In an action for insurance proceeds, denial of the motion for summary judgment of the claimant Eaton Yale & Towne, Inc., was proper.
The seller of personal property appeals from the denial of its motion for summary judgment in a contest with the purchasers over proceeds of an insurance policy.
Litigation began when the insurer of the property, Phoenix of Hartford Insurance Company, filed in the Superior Court of Ware County its complaint for interpleader against the seller Timberjack Machines, Inc., and Dorothy Strickland, as administratrix of the estate of Ellis Strickland, the purchaser.

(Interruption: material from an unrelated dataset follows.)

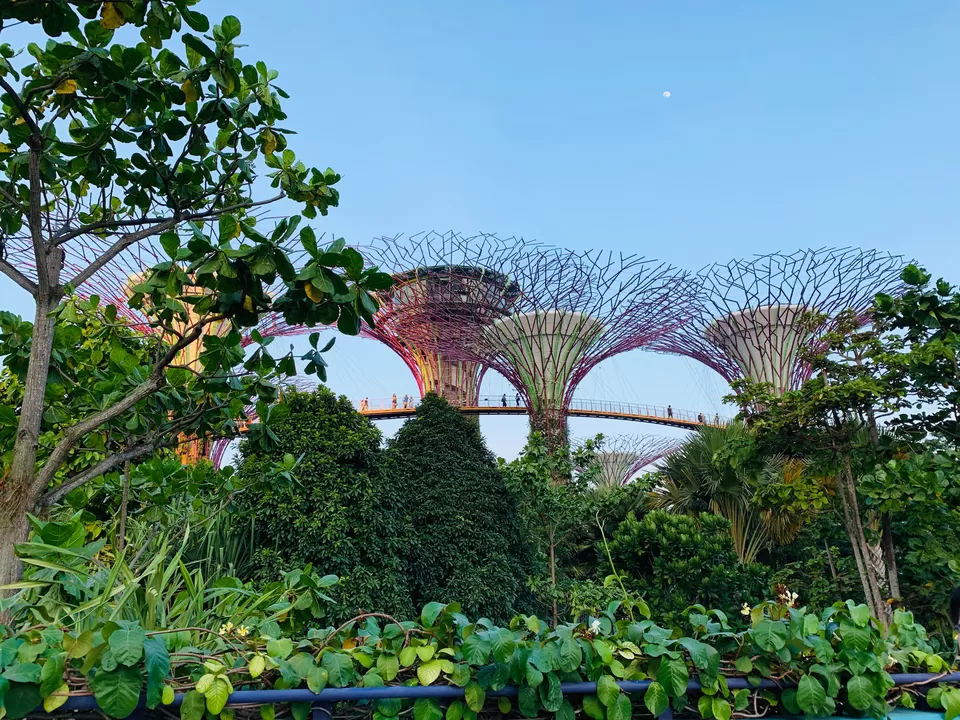 Photo of Best places to visit 2019- Singapore by travelrhapsody.in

The complaint, in substance, alleged as follows: that the plaintiff issued to Ellis Strickland a policy of insurance against loss by fire covering a 404 Timberjack machine with a loss payable clause to Timberjack Machines, Inc., as mortgagee as its interest should appear; that the machine suffered a fire loss; that Ellis Strickland has since died; that Timberjack Machines, Inc., and Dorothy Strickland, as administratrix of the estate of Ellis Strickland, each claimed the proceeds of insurance; and that it stood ready to pay the proceeds into the registry of the court.
To this complaint Eaton Yale & Towne, Inc., as successor to Timberjack Machines, Inc., filed its answer claiming the insurance proceeds under a conditional-sales contract covering the machine, which was executed by Timberjack Machines, Inc., as seller and Dorothy Strickland and Elwood Strickland as purchasers for the balance of the purchase price, and wherein the purchasers agreed to maintain insurance on the property with a provision "for losses, if any, to be payable to the Seller and to Purchaser as their interests may appear . . ."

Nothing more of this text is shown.